※※ 森林インストラクターへの道 ※※ 43


平成14年度・林業労働災害(死亡事故)



2002. 11. 27


瀬音の森会員のkazuyaさんから一通のFAXが届いた。それは、「平成14年度林業労働
災害(死亡事故)速報:NO.1〜13」と書いてある統計資料だった。
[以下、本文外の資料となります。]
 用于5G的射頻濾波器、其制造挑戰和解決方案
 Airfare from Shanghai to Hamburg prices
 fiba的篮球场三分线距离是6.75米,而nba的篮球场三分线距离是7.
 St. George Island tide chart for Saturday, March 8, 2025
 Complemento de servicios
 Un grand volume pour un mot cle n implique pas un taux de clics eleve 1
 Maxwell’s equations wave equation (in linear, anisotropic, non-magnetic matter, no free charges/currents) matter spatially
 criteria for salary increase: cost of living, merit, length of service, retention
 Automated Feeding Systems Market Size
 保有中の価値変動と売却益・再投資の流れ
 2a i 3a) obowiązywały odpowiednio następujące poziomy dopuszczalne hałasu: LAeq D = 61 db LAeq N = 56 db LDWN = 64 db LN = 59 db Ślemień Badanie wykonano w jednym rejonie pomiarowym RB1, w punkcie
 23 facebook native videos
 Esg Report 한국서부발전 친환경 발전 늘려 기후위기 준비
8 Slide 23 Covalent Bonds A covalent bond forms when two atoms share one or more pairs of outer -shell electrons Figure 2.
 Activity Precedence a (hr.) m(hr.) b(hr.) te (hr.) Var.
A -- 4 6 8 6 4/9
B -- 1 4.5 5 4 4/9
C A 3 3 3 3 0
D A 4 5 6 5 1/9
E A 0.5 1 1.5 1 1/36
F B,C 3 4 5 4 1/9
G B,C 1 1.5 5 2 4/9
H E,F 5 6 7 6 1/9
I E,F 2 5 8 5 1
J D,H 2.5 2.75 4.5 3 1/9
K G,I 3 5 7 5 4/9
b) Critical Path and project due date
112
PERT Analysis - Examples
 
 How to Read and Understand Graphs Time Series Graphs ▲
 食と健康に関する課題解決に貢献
その資料をそのまま
転載することは問題があるので、内容を割愛しながら転記し、我々の森林作業において
何が危険なのか、どんな作業が危険な作業なのかを検証したい。          

1、秋田県:86歳の男性:経験10年:チェーンソー使用しての伐倒(皆伐)作業中
 ●木を倒す人が安全確認をせずに切り倒し、近接作業をしていた被災者に激突。  

2、宮崎県:65歳の男性:経験9年:チェーンソー使用しての伐倒(間伐)作業中 
 ●木を切り倒して逃げる際、木が倒れる方向に足を滑らせ、伐倒木が激突。    

3、秋田県:67歳の男性:経験35年:チェーンソー使用しての伐倒(間伐)作業中
 ●被災者が放置した掛かり木が、隣の別な木を伐採中に落下し激突。       

4、北海道:59歳の男性:経験30年:チェーンソー使用しての伐倒(択伐)作業中
 ●伐倒方向がずれ、前方の木の二股部分に掛かり木となり、その反動で伐倒木の元口
  が跳ねあがり、被災者に激突。                       

5、秋田県:59歳の男性:経験36年:チェーンソー使用しての伐倒(間伐)作業中
 ●かかられている木を伐採したところ、かかり木が落下し激突。         

6、北海道:51歳の男性:経験21年:チェーンソー使用しての伐倒(択伐)作業中
 ●伐採木の二股の枝を切ったところ、伐倒木が回転するように動き、先に切った枝と
  動いてきた木に挟まれた。                         

7、秋田県:60歳の男性:経験20年:チェーンソー使用しての伐倒(間伐)作業中
 ●放置しておいた掛かり木が落下して激突。                  

8、兵庫県:63歳の男性:経験2年:チェーンソー使用しての伐倒(択伐)作業中 
 ●強風下において伐倒作業中、倒れてきた伐倒木に挟まれた。          

9、岐阜県:65歳の男性:経験16年:チェーンソー使用しての雪害木処理作業中 
 ●弓状に横倒れしている雪害木を元切りした際、伐採木が跳ねあがり胸部を強打。 

10、栃木県:45歳の男性:経験3年:4輪駆動トラック            
 ●現場から事務所に戻る際、土留めブロックに激突。              

11、岩手県:71歳の男性:経験40年:チェーンソー使用しての伐倒作業中   
 ●伐倒作業中、掛かり木が発生し、処理しようと移動したところ、掛かり木となって
  いた木が突然外れ被災者を直撃。                      

12、鹿児島県:60歳の男性:経験20年:林内作業道にて           
 ●集材木を林内作業車へ積み込み中、材が左足に落下し骨折。2週間後に容態が悪化
  し、細菌性髄膜炎により死亡。                       

13、山口県:59歳の男性:経験20年:積載型トラッククレーン作業中に    
 ●被災者は積み卸しの制御作業を行っていた。ユニック車がバランスを崩して横転し
  下敷きになり頭を強打。                          

以上のようにいささかショッキングな事例が並んだ。よく見ると経験のあるベテランで
も事故に遭うことがよく分かる。また、かかり木による事故などが多く、けして人ごと
ではないことも良く分かる。安全作業の基本を見直し徹底していても、ちょっとした気
のゆるみで事故が起きているのだと思う。                    

森林作業は最も労働災害の多い仕事である。そのことを真剣に考えて、安全に対する意
識を高め、安全な作業をするようにしなければ我々の作業中にも事故は起こる。防ぐ手
だては参加者全員の安全意識の向上と確認以外に無い。我々は危険な作業をしているの
だという現実を直視しながら作業しなければならない。プロだろうが、ボランティアだ
ろうが、お手伝いだろうが、危険は平等にそこにある。